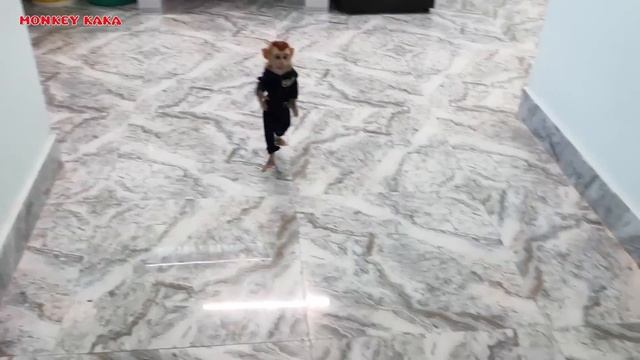 Top Seasons of Super Smart videos of Monkey KaKa смотреть онлайн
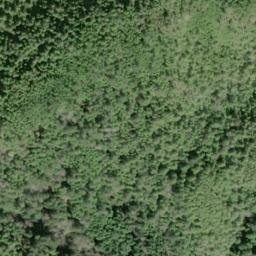 Satellite imagery of Cape Muzon, US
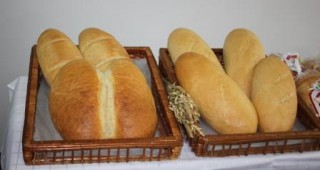 Българският хляб не съдържа генно модифицирано зърно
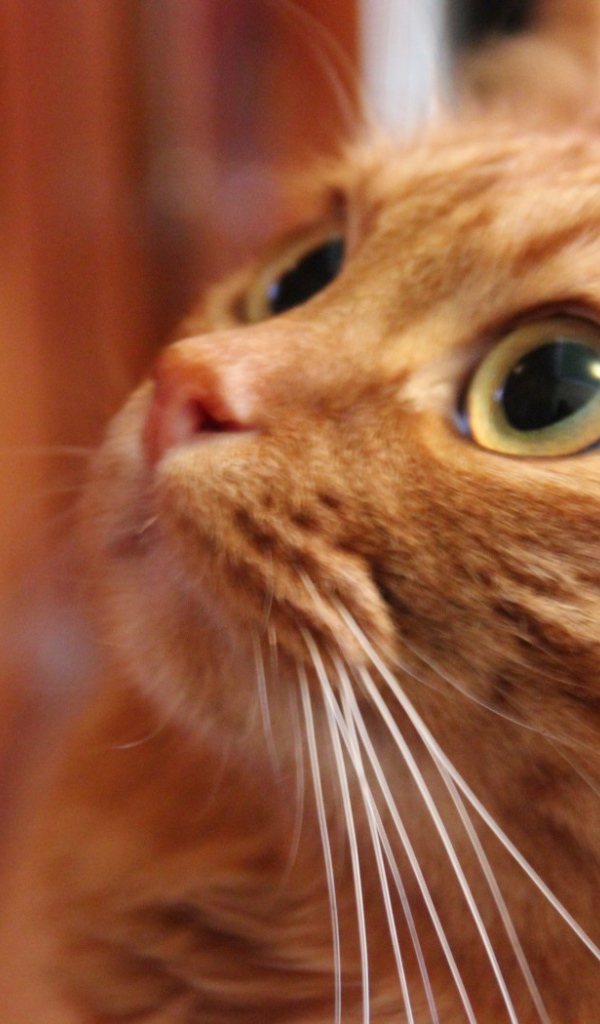 Глаза курильского бобтейла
═══
[Task instructions] Each line from the one that holds "Българският хляб не" through the final line of the data must be retyped exactly; the pictures must not appear.

[Answer space]
 Българският хляб не съдържа генно модифицирано зърно
 Глаза курильского бобтейла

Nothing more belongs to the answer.